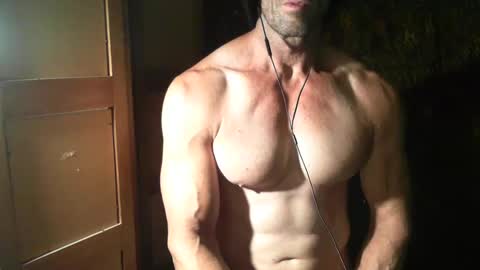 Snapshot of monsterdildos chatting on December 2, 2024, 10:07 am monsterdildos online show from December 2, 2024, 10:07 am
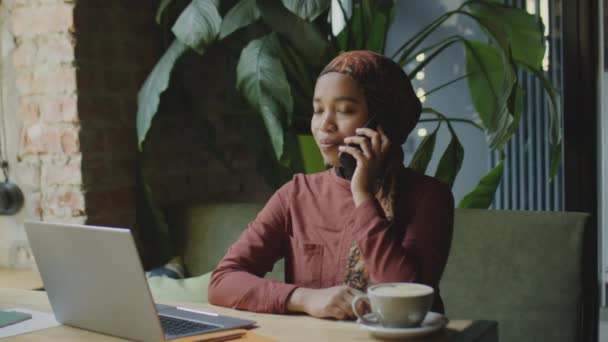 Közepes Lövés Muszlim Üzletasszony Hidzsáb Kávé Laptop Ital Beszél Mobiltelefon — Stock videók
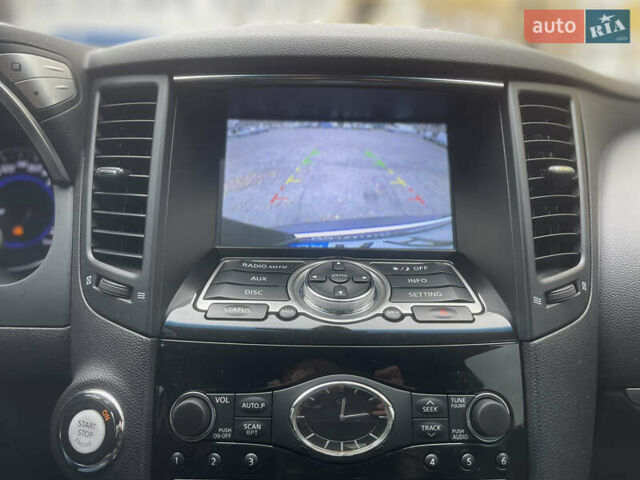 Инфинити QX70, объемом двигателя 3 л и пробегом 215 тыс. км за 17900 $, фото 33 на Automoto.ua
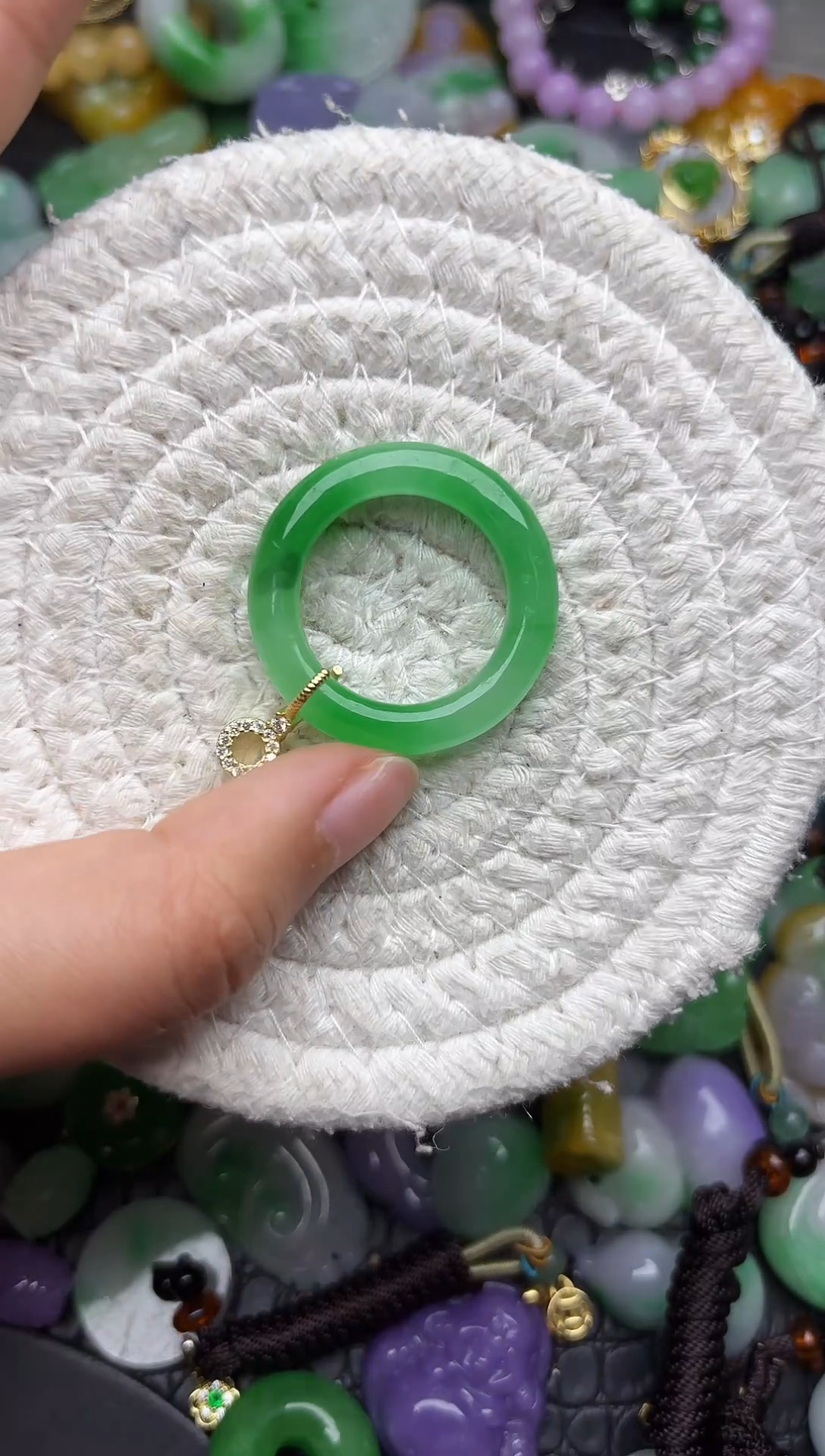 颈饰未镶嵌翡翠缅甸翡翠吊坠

==

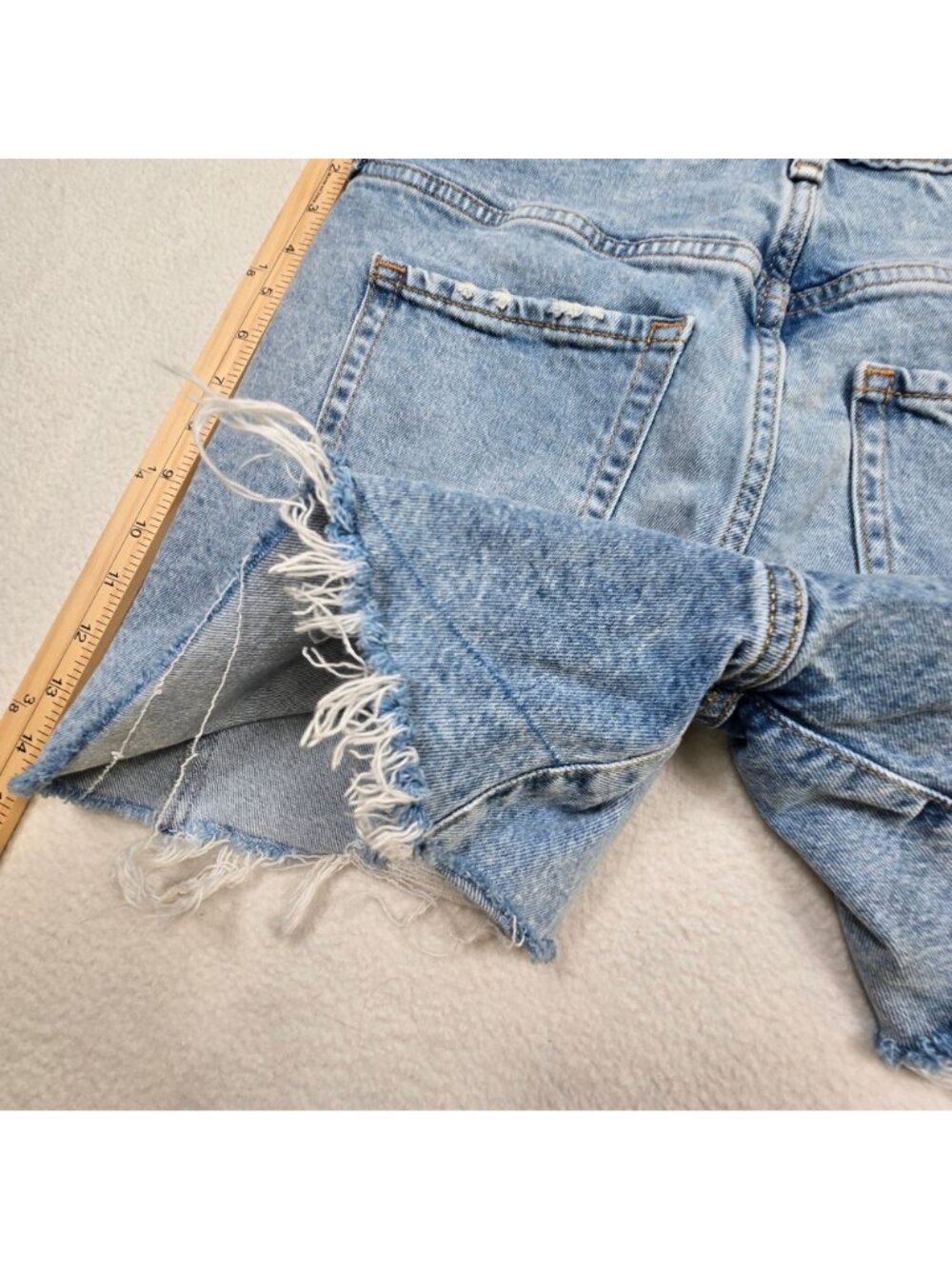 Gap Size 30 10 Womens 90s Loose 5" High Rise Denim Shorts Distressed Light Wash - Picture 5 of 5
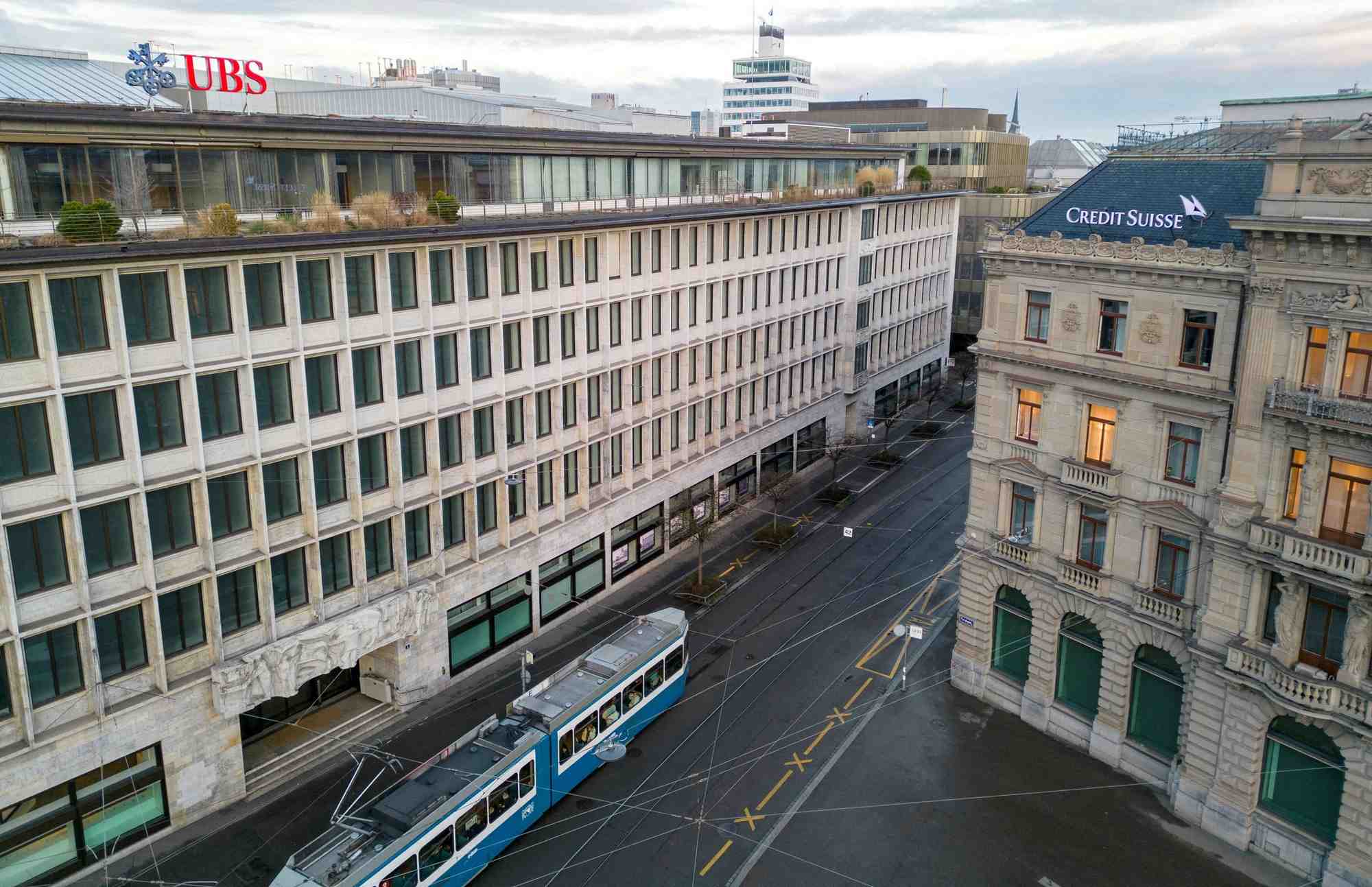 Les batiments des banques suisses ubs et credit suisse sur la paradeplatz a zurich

* * *

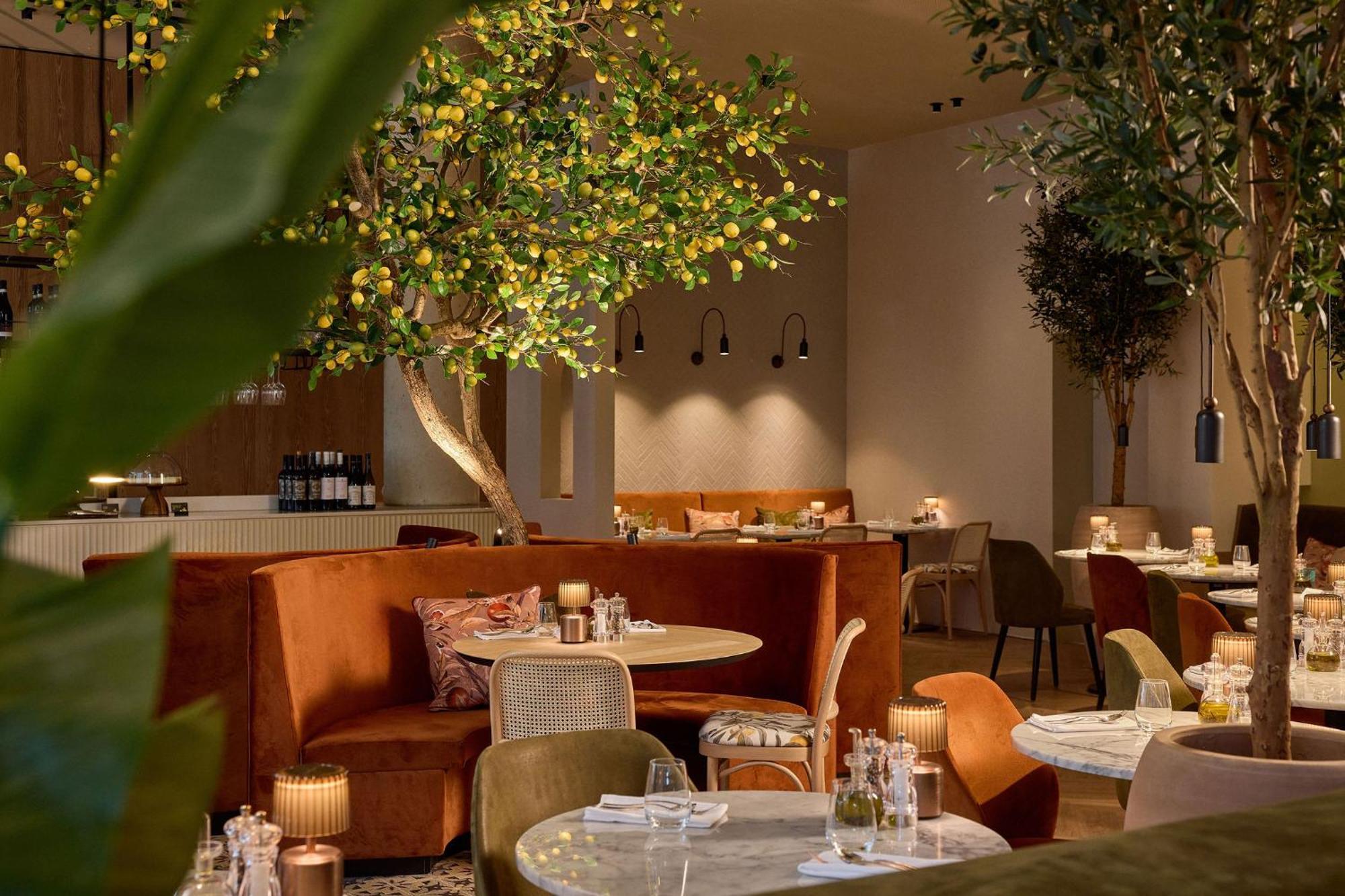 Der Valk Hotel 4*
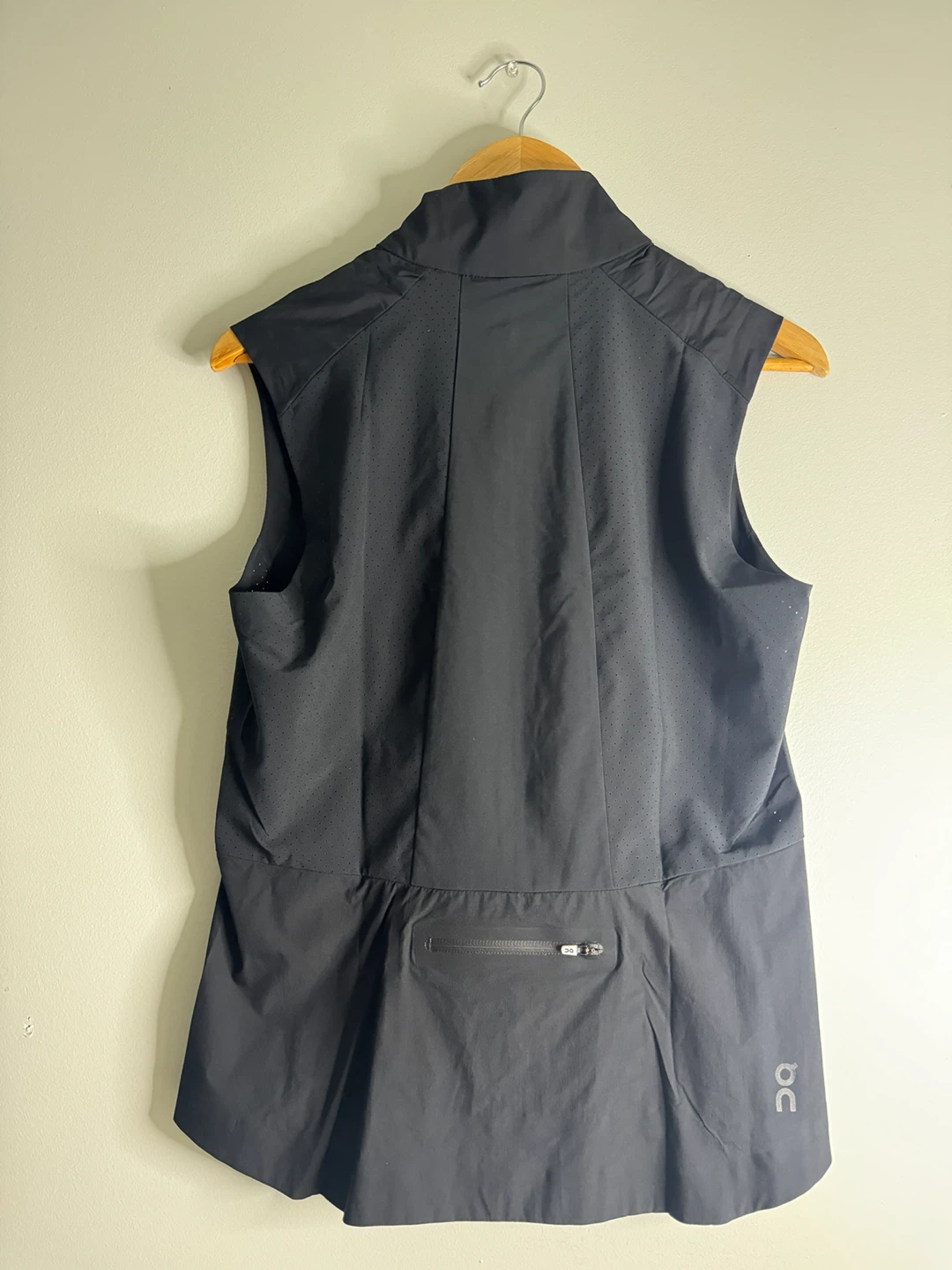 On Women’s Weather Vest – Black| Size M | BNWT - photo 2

● Exercise
In the listing above, find the line containing "Közepes Lövés Muszlim" and the line containing "颈饰未镶嵌翡翠缅甸翡翠吊坠", then print exactly those two lines and every line between them, minus the pictures.

● Answer to this problem
 Közepes Lövés Muszlim Üzletasszony Hidzsáb Kávé Laptop Ital Beszél Mobiltelefon — Stock videók
 Инфинити QX70, объемом двигателя 3 л и пробегом 215 тыс. км за 17900 $, фото 33 на Automoto.ua
 颈饰未镶嵌翡翠缅甸翡翠吊坠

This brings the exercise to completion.